The US Department of Justice has charged a Latvian woman for allegedly being part of the infamous Trickbot Group that deployed the Trickbot malware, which infected millions of victim computers worldwide.
The Trickbot Group operated in Russia, Belarus, Ukraine, and Suriname, and primarily targeted victim computers belonging to businesses, entities, and individuals. Targets included hospitals, schools, public utilities, and governments, DoJ said in a press release.
Trickbot is a modular banking trojan that over the time evolved into a dangerous malware dropper used to deliver additional malware on infected devices.
The defendant, Alla Witte (aka Max), 55, was charged in 19 counts of a 47-count indictment after she was arrested on February 6 in Miami, Florida.

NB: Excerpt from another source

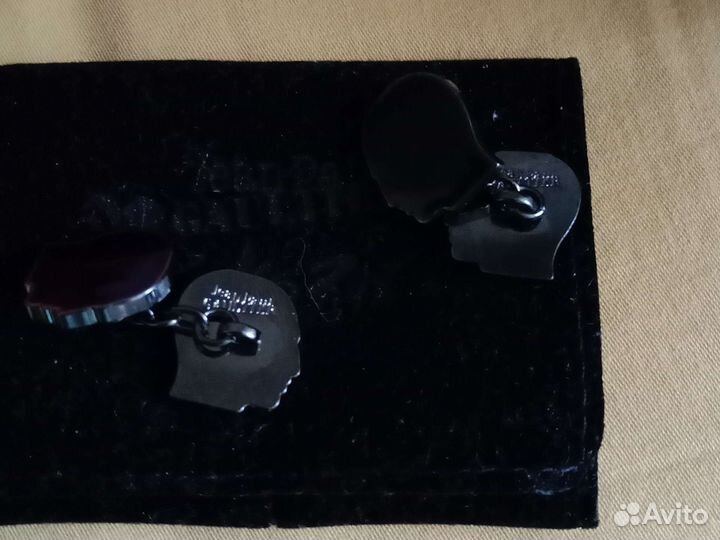 Винтажные запонки от Gaultier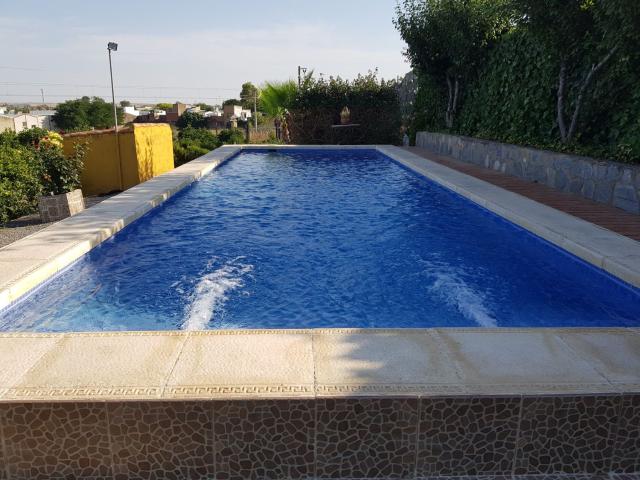 Chalet en venta en Lora Del Río, Andalucía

The indictment alleges that Witte was working with Trickbot Group to develop a set of tools used to target businesses and individuals all over the world for theft and ransom. Witte allegedly wrote code related to the control, deployment, and payments of ransomware through a Bitcoin address controlled by the Trickbot Group. She also provided code to the Trickbot Group that monitored and tracked authorized users of the malware and developed tools and protocols to store stolen login credentials.

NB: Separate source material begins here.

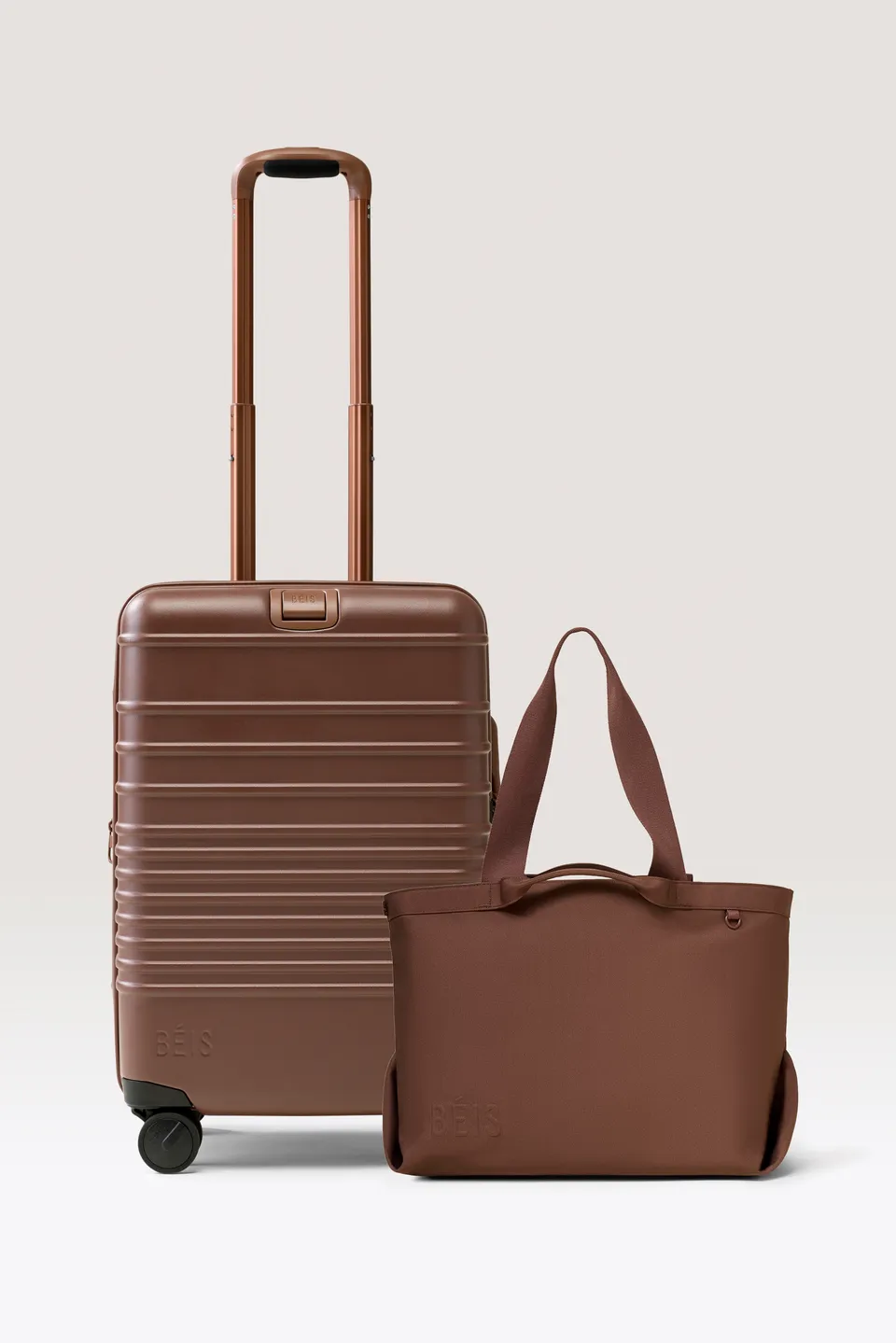 beis-travel-set-the-tote-set-valise-cabine-marron-maple image 1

Since November 2015 Witte and her co-conspirators stole money and confidential information from unsuspecting victims, including businesses and their financial institutions in the United States, United Kingdom, Australia, Belgium, Canada, Germany, India, Italy, Mexico, Spain, and Russia, the indictment alleges.

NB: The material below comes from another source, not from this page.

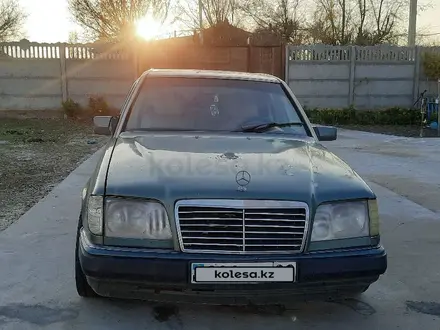 Mercedes-Benz E 220 1993 года за 1 900 000 тг. в Тараз – фото 2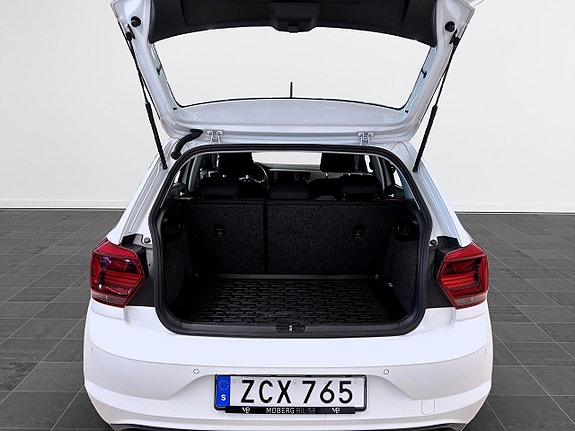 Volkswagen Polo 11 of 12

Witte was charged with one count of conspiracy to commit computer fraud and aggravated identity theft; one count of conspiracy to commit wire and bank fraud affecting a financial institution; eight counts of bank fraud affecting a financial institution; eight counts of aggravated identity theft and one count of conspiracy to commit money laundering. Two of the counts carry a maximum sentence of 30 years in prison.